From an environmental perspective, the site needed to look its best. We were keen to impress!
Preparation was paramount to the success of the visit. We had spent weeks planning for this day.
I sent my team of two advisors (from corporate office) to site, a few days in advance of the visit to provide additional support to site staff. It seemed that despite our polite requests for help, communications about the importance of the visit, and despite support at a corporate level,
many site staff were in no mood to cooperate, to be helpful in any shape or form.
To the credit of our environmental team, they did what they could on their own and with support of a few individuals. Tempers flared as they continued to ask favors for activities that required specialist machinery. They were frustrated by the lack of support.
The day before the visit, they were exhausted and reported that they were not able to get the site to a standard that we were wanting.
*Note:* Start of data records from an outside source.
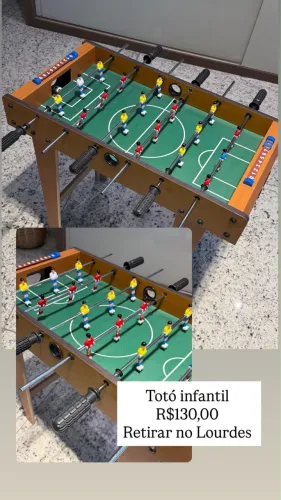 Totó Infantil 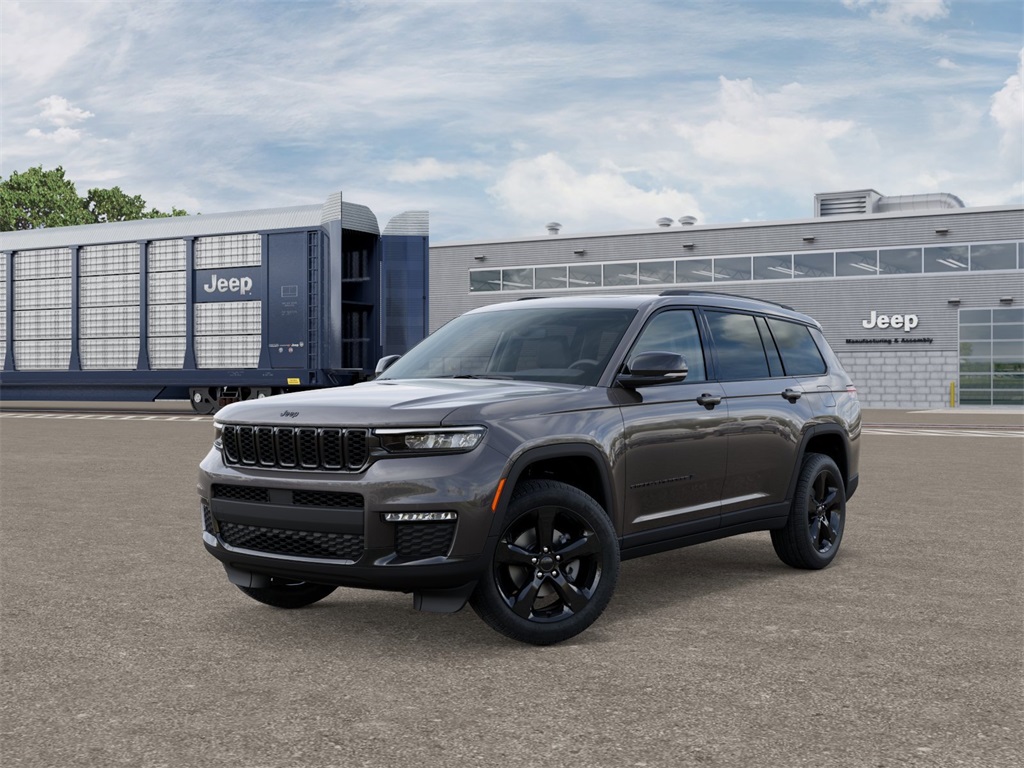 2025 Jeep Grand Cherokee L Limited's photo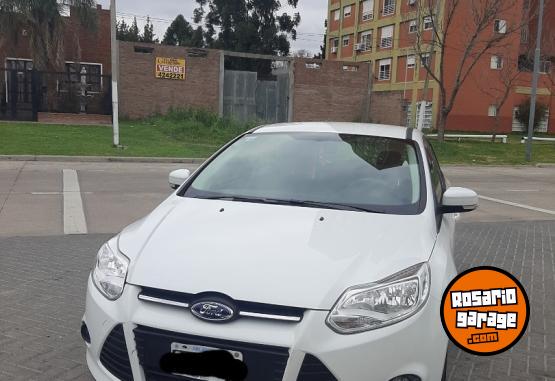 Autos - Ford Focus 2015 Nafta 90000Km - En Venta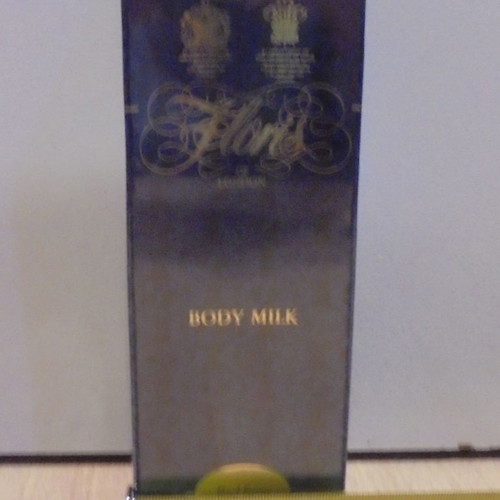 Floris Red Rose Body Milk new old English aromatic body lotion 200ml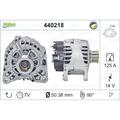 VALEO Generator Lichtmaschine 125A 14V für Renault Megane CC Grand Scénic III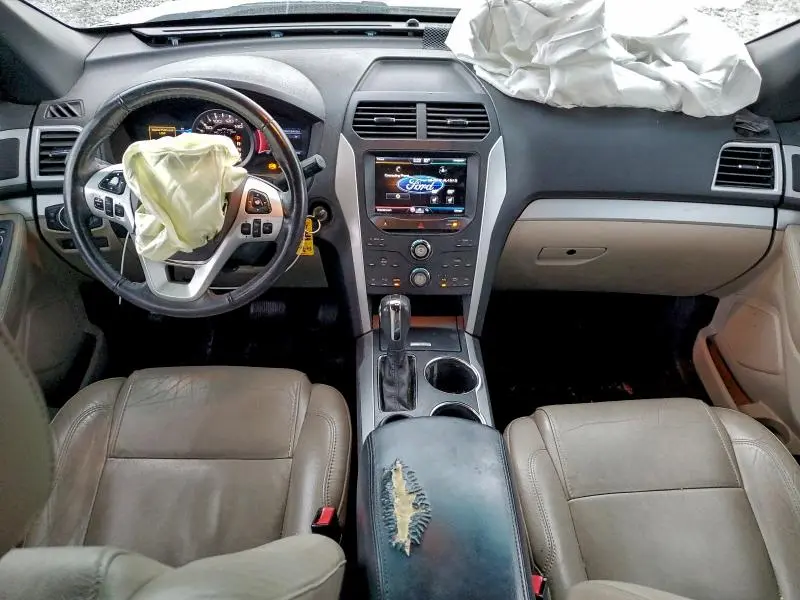 2011 FORD EXPLORER XLT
My response was ‘you have done your best and nobody can ask any more than that’.
The site visit went very well. Our visitors were impressed. Our communications were professional, and everything went according to schedule and plan.
We’d achieved an 80% rating for the presentation of the site (according to our own standards) and that turned out to be good enough. The environmental team could have done nothing, continued to butt heads with the mining teams, and achieved very little. Instead they got out there, got their hands dirty and did what they could by exploring every resource or avenue available to them, which got the site presentation to the 80% mark.
They were disappointed at the time. They wanted the site to look its best, but that extra 20% would not have made any difference to the outcome.
The moral of this story is that when faced with adversity, you do the best that you can with the resources available, and if you apply the 80:20 rule then it is likely that will be good enough to achieve your objective.